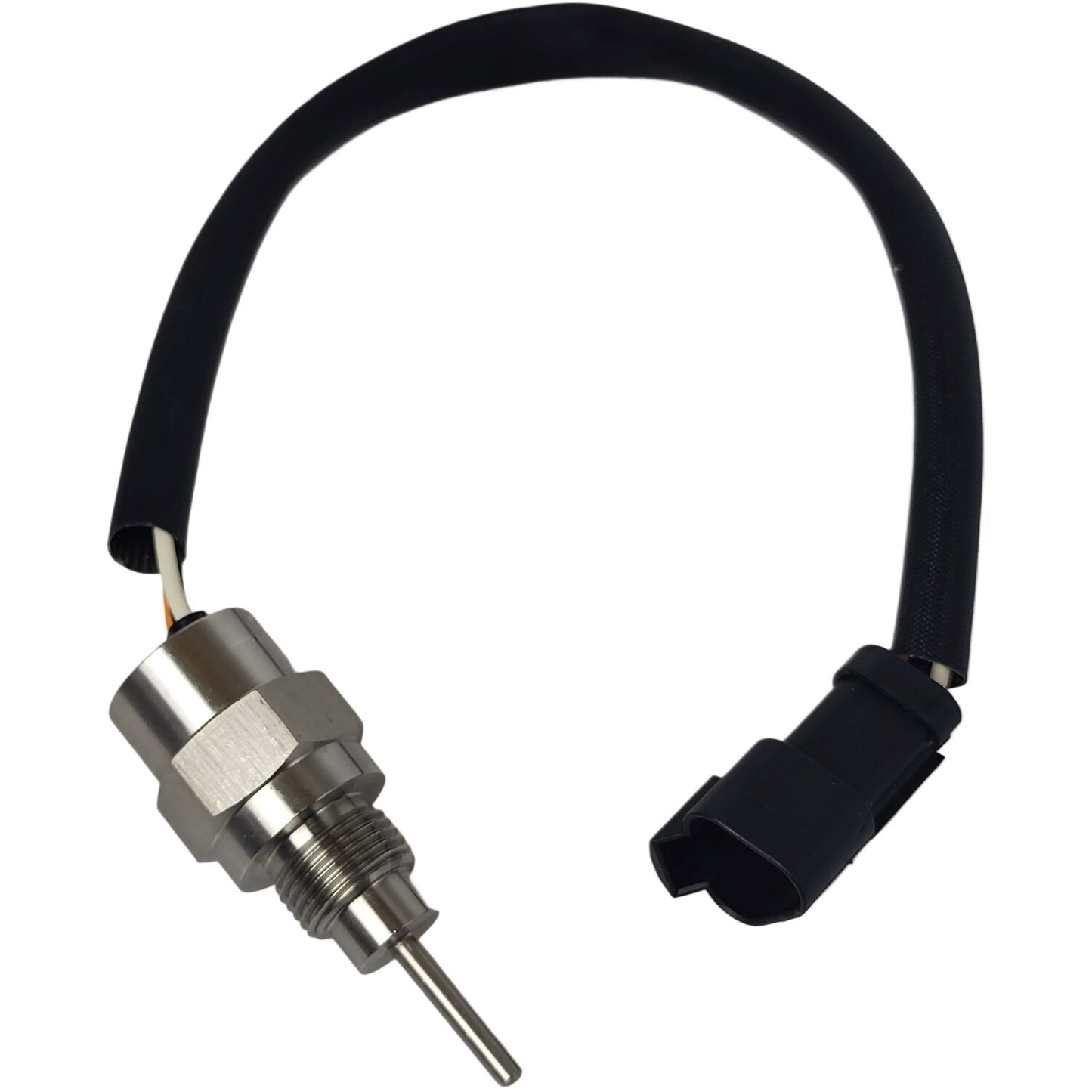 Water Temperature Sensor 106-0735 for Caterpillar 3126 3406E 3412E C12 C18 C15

--

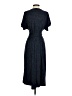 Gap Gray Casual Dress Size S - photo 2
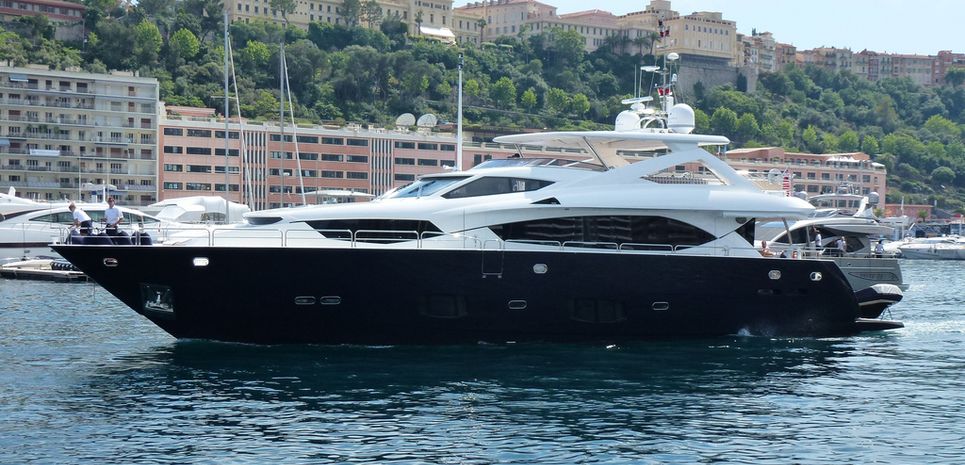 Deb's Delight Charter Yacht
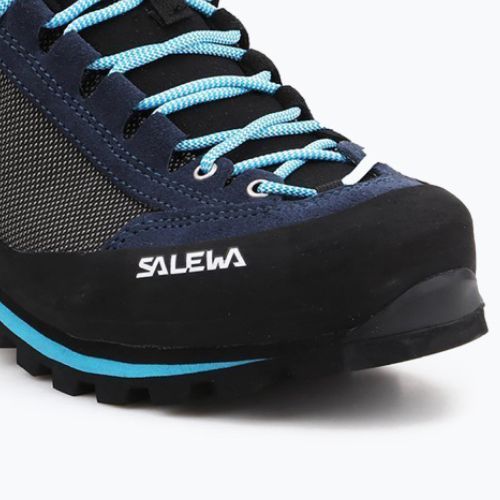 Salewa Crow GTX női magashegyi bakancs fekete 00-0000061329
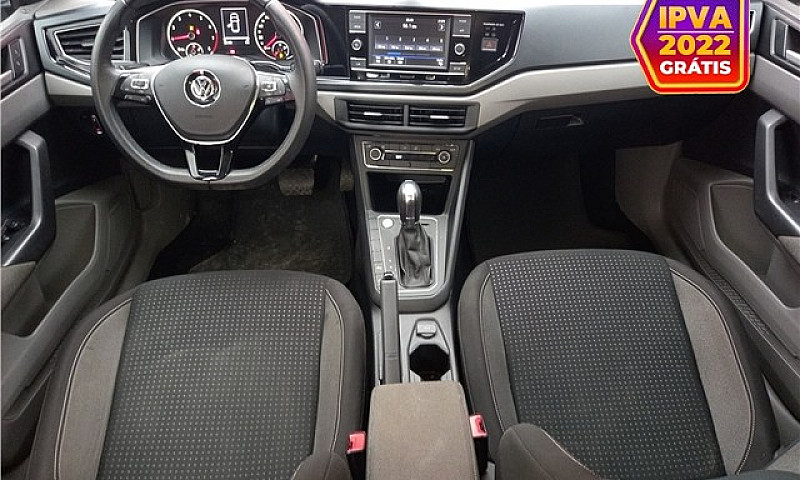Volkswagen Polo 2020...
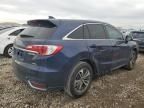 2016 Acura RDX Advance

ASSIGNED TASK:
Your task is to copy only the lines above starting at the one containing "Salewa Crow GTX" and ending at the one containing "2016 Acura RDX Advance". Copy them exactly, both ends included, and omit the pictures.

TASK OUTPUT:
 Salewa Crow GTX női magashegyi bakancs fekete 00-0000061329
Volkswagen Polo 2020...
 2016 Acura RDX Advance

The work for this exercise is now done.